These alkoxysilane compounds can be used alone or in combination of
two or more kinds.
[0096] The alkoxysilane-modified polyamide resin can be produced by
mixing a terminal isocyanate group-containing polyamide resin and
an alkoxysilane compound at such a ratio that the amount of the
isocyanate group of the terminal isocyanate group-containing
polyamide resin is almost equivalent to that of the amino group of
the alkoxysilane compound (the NCO/NH ratio is 0.6 to 1.4, or
preferably 0.9 to 1.1), and subjecting the mixture to a ureation
reaction.
[0097] The ureation reaction is performed, for example, at a
reaction temperature of 150.degree. C. or less, or preferably 40 to
140.degree. C., more preferably 40 to 120.degree. C., for a
reaction time of 0.5 to 50 hours, or preferably 1 to 15 hours,
though not limited thereto.
[0098] When the reaction temperature is in the above range,
production can be stable. On the other hand, when the reaction
temperature exceeds 150.degree. C., a part of the alkoxysilyl group
of the alkoxysilane compound is hydrolyzed to form a silanol group,
and the silanol group thus formed is subjected to a condensation
reaction with another silanol group or the alkoxy silyl group of
different molecules to thereby form a siloxane bond, so that a
reaction mass thickens, which in turn may decrease productivity.
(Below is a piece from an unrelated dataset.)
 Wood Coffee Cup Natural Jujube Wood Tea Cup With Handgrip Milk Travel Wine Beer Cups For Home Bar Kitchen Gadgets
On
the other hand, when the reaction temperature is too low, the
reaction between the isocyanate group of the terminal isocyanate
group-containing polyamide resin and the amino group of the
alkoxysilane compound may not sufficiently proceed, which in turn
may decrease productivity.
[0099] In the ureation reaction, the isocyanate group and the amino
alkoxysilyl group are decomposed when reacted with water (moisture
in the air, etc.). Therefore, in order to avoid contact with
moisture in the air, this reaction is preferably performed under an
inert gas atmosphere. Examples of the inert gas include nitrogen
gas, and helium gas, and nitrogen gas is preferable.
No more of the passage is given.